ATILA can take into account the active materials' full anisotropy. The definition of a piezoelectric or magnetostrictive material can use up to 82 coefficients (163 coefficients if you define a lossy material) that describe the stiffness tensor, the piezomagnetic or piezoelectric tensor, the magnetic or dielectric tensor, and all the coupling factors. The example in Figure 18 shows the coefficient matrix of magnetostrictive materials.
To complete the description of the active materials, you must also define a polarization direction. The polarization direction of a material corresponds to the crystal easy magnetostriction direction for a magnetostricitve material, and to the poling direction for a piezoelectric material.

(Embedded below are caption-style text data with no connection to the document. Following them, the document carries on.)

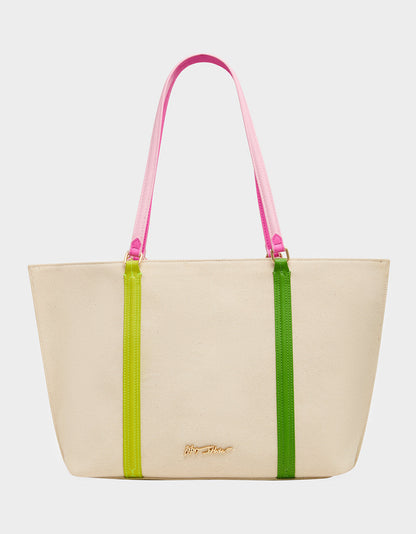 Betsey Johnson Latest - MISS MATCH TOTE NATURAL MULTI Natural Canvas Tennis Tote Sith Scarf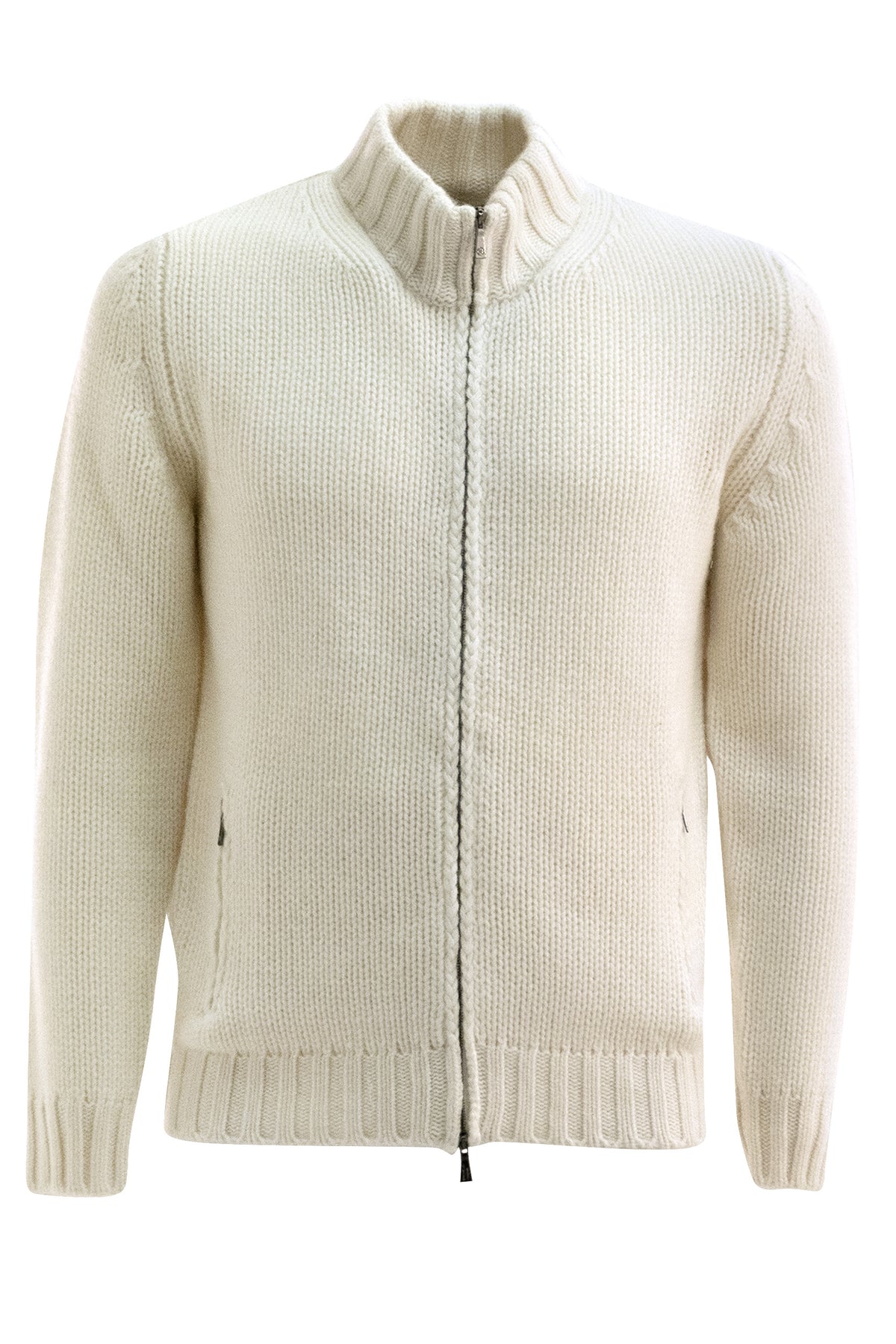 MAUREL Cardigan in Cashmere, Bianco
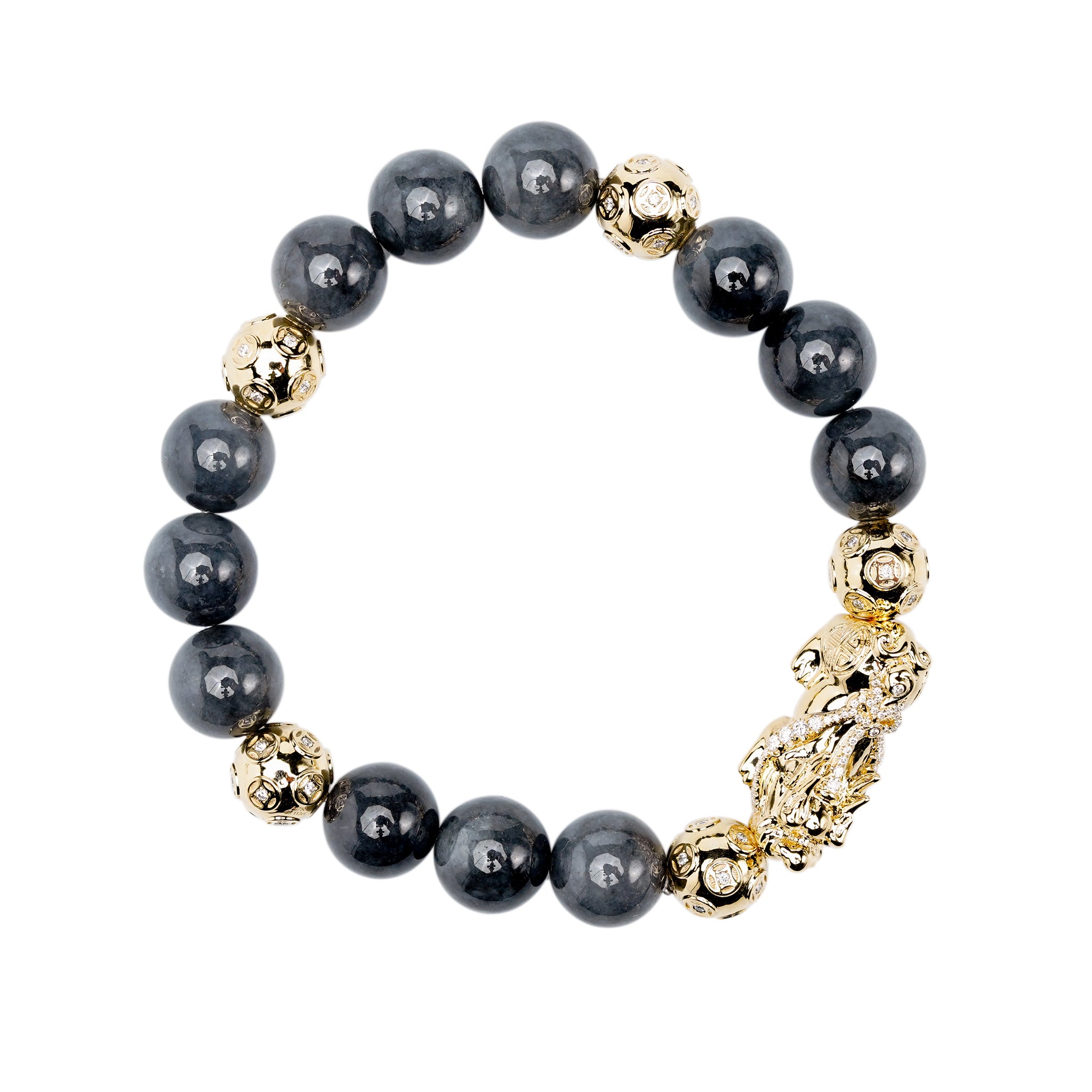 Black Jadeite Jade Bead Bracelet with 18K Yellow Gold Diamond Pixui and Money Ball Beads (Large)
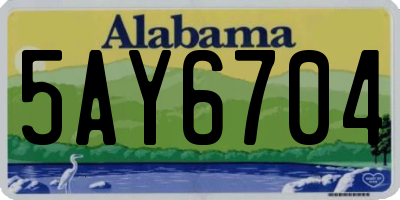 AL license plate 5AY6704
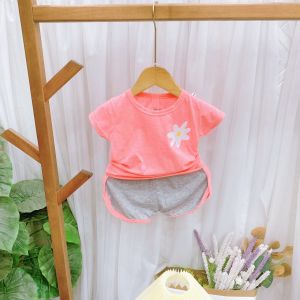 BỘ CỌC TAY MÙA HÈ MÁT MẺ CHẤT CO GIÃN VÀ THOÁNG IN HÌNH HOA CÚC CHO BÉ GÁI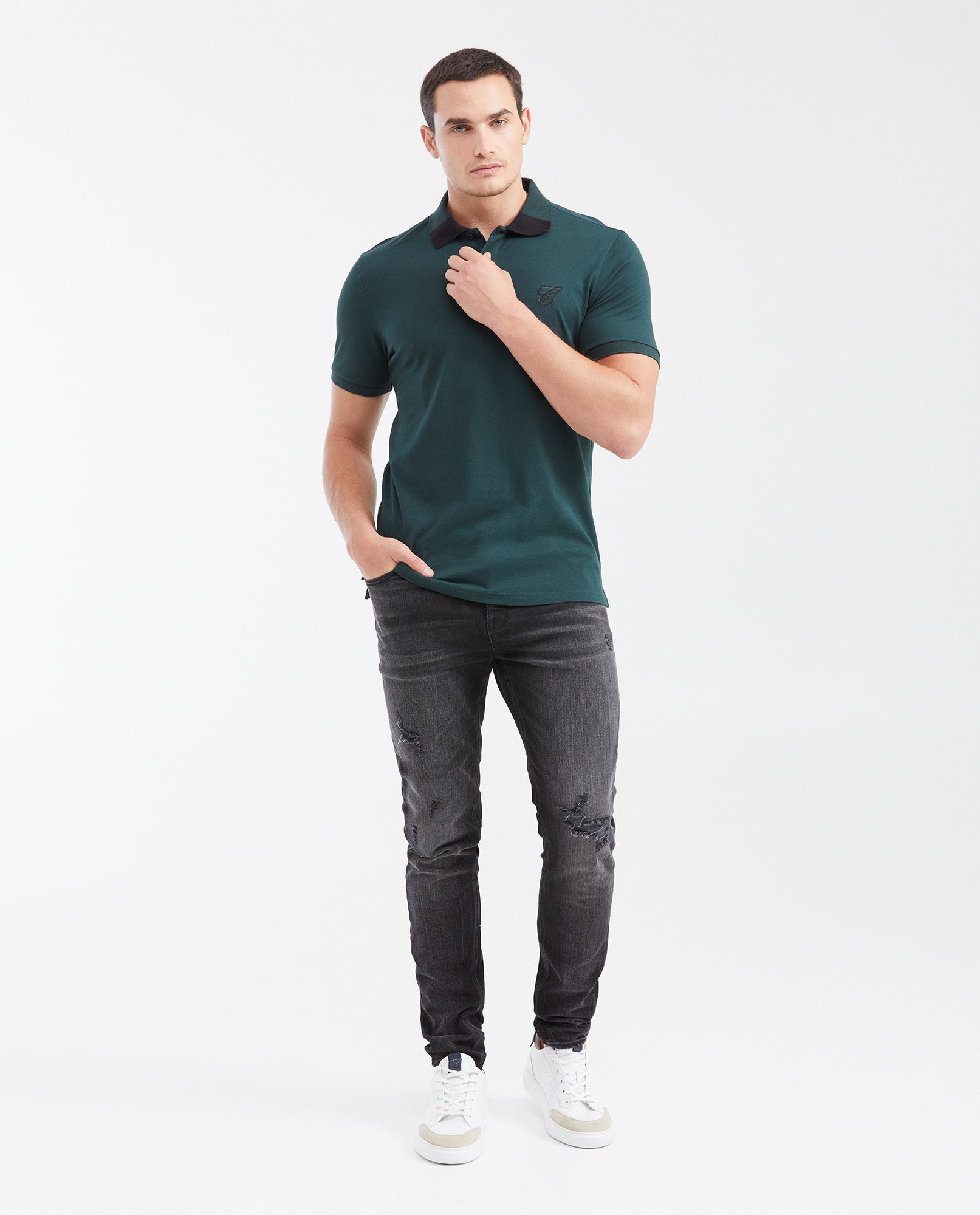 Men's Slim Fit Polo Shirt with Color Block Collar - Green 602G018 - 2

Usually, defining a uniform polarization direction in the active materials is sufficient; but some active materials have radial, and even spherical polarization directions. ATILA can take these polarizations into account For example, piezoceramic hemispheres can be assembled in pairs to form a sphere (Figure 19), and used as hydrophones and sonar transponders for <->hydro-surveying, underwater location and communications.
Figure 20 shows a cutaway view of the hollow piezoelectric sphere used in a hydrophone. The mesh we used in the computation represents only 1/24th of the sphere. We added fluid elements in order to solve the solid/fluid problem. The sphere's inner side is grounded.
Figure 21 shows the electrical potential in the piezoelectric material.
ATILA also displays the 3D pressure field in the fluid elements, as
shown in Figure 22.
ATILA is a very powerful program that will help you model anisotropic materials and uniform, cylindrical, and spherical polarizations.